• Task directions: Set down every line of the data, unchanged and complete.

• Collected data:
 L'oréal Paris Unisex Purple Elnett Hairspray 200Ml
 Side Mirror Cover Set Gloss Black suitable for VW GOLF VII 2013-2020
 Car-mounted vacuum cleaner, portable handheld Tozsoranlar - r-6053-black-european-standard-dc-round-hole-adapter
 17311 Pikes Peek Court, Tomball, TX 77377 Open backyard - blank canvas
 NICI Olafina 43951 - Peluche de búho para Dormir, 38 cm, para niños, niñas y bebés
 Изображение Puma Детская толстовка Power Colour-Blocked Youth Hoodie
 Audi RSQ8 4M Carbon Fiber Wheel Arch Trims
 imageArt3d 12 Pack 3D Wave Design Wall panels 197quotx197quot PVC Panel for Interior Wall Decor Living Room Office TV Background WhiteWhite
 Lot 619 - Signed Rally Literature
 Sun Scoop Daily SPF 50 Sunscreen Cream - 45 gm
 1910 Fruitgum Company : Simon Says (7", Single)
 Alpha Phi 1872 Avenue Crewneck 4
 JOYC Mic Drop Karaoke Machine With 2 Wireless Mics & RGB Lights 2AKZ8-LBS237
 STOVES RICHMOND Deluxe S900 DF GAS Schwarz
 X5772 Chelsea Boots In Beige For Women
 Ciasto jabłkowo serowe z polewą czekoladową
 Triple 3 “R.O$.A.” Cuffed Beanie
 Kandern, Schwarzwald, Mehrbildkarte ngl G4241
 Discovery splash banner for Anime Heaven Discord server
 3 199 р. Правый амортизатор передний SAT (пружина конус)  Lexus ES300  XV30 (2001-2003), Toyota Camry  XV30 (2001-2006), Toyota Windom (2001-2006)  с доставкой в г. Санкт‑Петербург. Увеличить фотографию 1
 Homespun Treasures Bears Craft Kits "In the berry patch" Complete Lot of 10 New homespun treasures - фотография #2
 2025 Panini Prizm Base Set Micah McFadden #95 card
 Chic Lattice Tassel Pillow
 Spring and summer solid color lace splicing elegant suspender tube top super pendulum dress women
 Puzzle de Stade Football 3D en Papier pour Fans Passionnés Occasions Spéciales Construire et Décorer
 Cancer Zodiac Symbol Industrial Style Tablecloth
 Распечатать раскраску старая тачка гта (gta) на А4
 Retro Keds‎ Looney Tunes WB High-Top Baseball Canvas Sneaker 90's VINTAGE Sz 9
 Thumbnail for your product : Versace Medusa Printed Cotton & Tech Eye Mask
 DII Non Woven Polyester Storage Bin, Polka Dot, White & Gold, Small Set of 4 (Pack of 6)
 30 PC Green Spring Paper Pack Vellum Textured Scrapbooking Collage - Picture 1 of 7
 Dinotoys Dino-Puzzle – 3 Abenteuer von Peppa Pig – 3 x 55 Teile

• Result of the exercise:
 L'oréal Paris Unisex Purple Elnett Hairspray 200Ml
 Side Mirror Cover Set Gloss Black suitable for VW GOLF VII 2013-2020
 Car-mounted vacuum cleaner, portable handheld Tozsoranlar - r-6053-black-european-standard-dc-round-hole-adapter
 17311 Pikes Peek Court, Tomball, TX 77377 Open backyard - blank canvas
 NICI Olafina 43951 - Peluche de búho para Dormir, 38 cm, para niños, niñas y bebés
 Изображение Puma Детская толстовка Power Colour-Blocked Youth Hoodie
 Audi RSQ8 4M Carbon Fiber Wheel Arch Trims
 imageArt3d 12 Pack 3D Wave Design Wall panels 197quotx197quot PVC Panel for Interior Wall Decor Living Room Office TV Background WhiteWhite
 Lot 619 - Signed Rally Literature
 Sun Scoop Daily SPF 50 Sunscreen Cream - 45 gm
 1910 Fruitgum Company : Simon Says (7", Single)
 Alpha Phi 1872 Avenue Crewneck 4
 JOYC Mic Drop Karaoke Machine With 2 Wireless Mics & RGB Lights 2AKZ8-LBS237
 STOVES RICHMOND Deluxe S900 DF GAS Schwarz
 X5772 Chelsea Boots In Beige For Women
 Ciasto jabłkowo serowe z polewą czekoladową
 Triple 3 “R.O$.A.” Cuffed Beanie
 Kandern, Schwarzwald, Mehrbildkarte ngl G4241
 Discovery splash banner for Anime Heaven Discord server
 3 199 р. Правый амортизатор передний SAT (пружина конус)  Lexus ES300  XV30 (2001-2003), Toyota Camry  XV30 (2001-2006), Toyota Windom (2001-2006)  с доставкой в г. Санкт‑Петербург. Увеличить фотографию 1
 Homespun Treasures Bears Craft Kits "In the berry patch" Complete Lot of 10 New homespun treasures - фотография #2
 2025 Panini Prizm Base Set Micah McFadden #95 card
 Chic Lattice Tassel Pillow
 Spring and summer solid color lace splicing elegant suspender tube top super pendulum dress women
 Puzzle de Stade Football 3D en Papier pour Fans Passionnés Occasions Spéciales Construire et Décorer
 Cancer Zodiac Symbol Industrial Style Tablecloth
 Распечатать раскраску старая тачка гта (gta) на А4
 Retro Keds‎ Looney Tunes WB High-Top Baseball Canvas Sneaker 90's VINTAGE Sz 9
 Thumbnail for your product : Versace Medusa Printed Cotton & Tech Eye Mask
 DII Non Woven Polyester Storage Bin, Polka Dot, White & Gold, Small Set of 4 (Pack of 6)
 30 PC Green Spring Paper Pack Vellum Textured Scrapbooking Collage - Picture 1 of 7
 Dinotoys Dino-Puzzle – 3 Abenteuer von Peppa Pig – 3 x 55 Teile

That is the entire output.